Opposés à la reconnaissance des frontières dessinées par les Britanniques afin d’établir une oumma universelle, les Deobandis ont érigé le djihad en obligation sacrée afin de défendre les musulmans opprimés à travers le monde. Mais, chassés d’Inde en 1947, ils ont été contraints de se réfugier à Lahore, dans la province du Penjab, où ils se sont organisés en diverses madrasas et ont exporté leur intolérance au Pakistan. C’est ainsi que lors de l’islamisation de la société pakistanaise encouragée par Zulfiqar Ali Bhutto (1973) et Zia-ul-Haq (1977) dans le contexte de la lutte antisoviétique puis de la Révolution iranienne de 1979, ces mêmes Deobandis ont été utilisés à des fins de mobilisation nationaliste et religieuse8. De leur instrumentalisation par le pouvoir pakistanais ainsi que par les pays du Golfe soucieux de contrecarrer l’influence du chiisme iranien dans la région, découla la « wahhabisation » des Deobandis – leur accointance idéologique avec le wahhabisme leur ayant valu de recevoir des fonds substantiels en provenance du Golfe. C’est ainsi que 65% des madrasas pakistanaises d’obédience deobandie servent toujours d’incubateurs pour la promotion d’un islam influencé par les écrits d’Ibn Taymiyya9 et d’Abd-el-Wahhab, et demeurent une source d’inspiration majeure pour les taliban afghans ainsi que pour les membres du Tablighi-Jamaat.10
Les Haqqani
Bien que le djihad du réseau Haqqani ait réellement émergé en 1973, date de l’accession au pouvoir d’Ali Bhutto, la lutte antibritannique des années 30 a été l’un des facteurs de l’émergence de ses premiers membres, formés dans des madrasas deobandies qui étaient alors dirigées par des prêtres soufis (pir) soucieux d’organiser la lutte contre le colonisateur. Principalement regroupés dans le Nord Waziristan, ils se distinguent des taliban dont la pratique de l’islam est, selon eux, jugée trop rigoriste. Néanmoins, leur volonté de ne pas se limiter au territoire afghan et de lancer un djihad global calqué sur le modèle d’Al-Qaïda afin de défendre les musulmans opprimés – que ce soit au Cachemire, en Israël ou en Russie – a trouvé un certain succès chez les taliban, mais également chez Al-Qaïda qui ont tous deux fini par collaborer avec eux.
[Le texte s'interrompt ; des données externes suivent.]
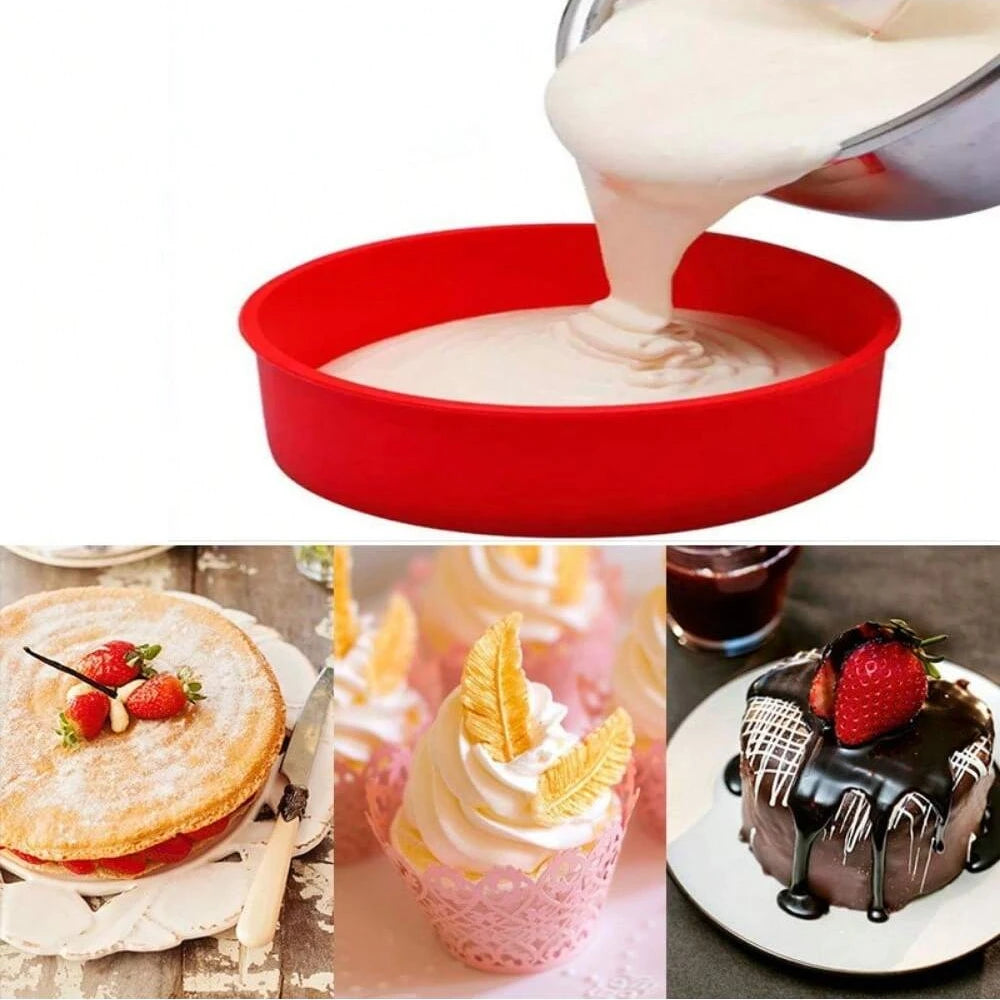 4/6/8 Inch Silicone Round Cake Mold Nonstick Baking Pan for Mousse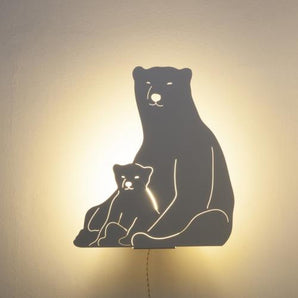 Polar Bears - Decoupage Lamp Ivory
Composés d’éléments « wahhabisés », fers de lance du djihad international – tels que Ben Laden et Abdullah Azzam11 – les membres du réseau Haqqani jouissent donc depuis toujours d’une certaine aura et l’attractivité de son fondateur, Jalaluddin Haqqani12, fut telle qu’il parvint à convaincre les Etats-Unis, les Emirats arabes unis, l’Arabie saoudite et l’Iran de le financer. Ayant servi de relais entre les premiers combattants arabes et les moudjahiddines afghans financés par l’ISI, la CIA et les services de renseignement saoudiens, les Haqqani se sont distingués par leur acharnement dans la lutte qu’ils ont toujours menée contre les ennemis de l’islam, ceci afin d’instaurer un Etat islamique afghan.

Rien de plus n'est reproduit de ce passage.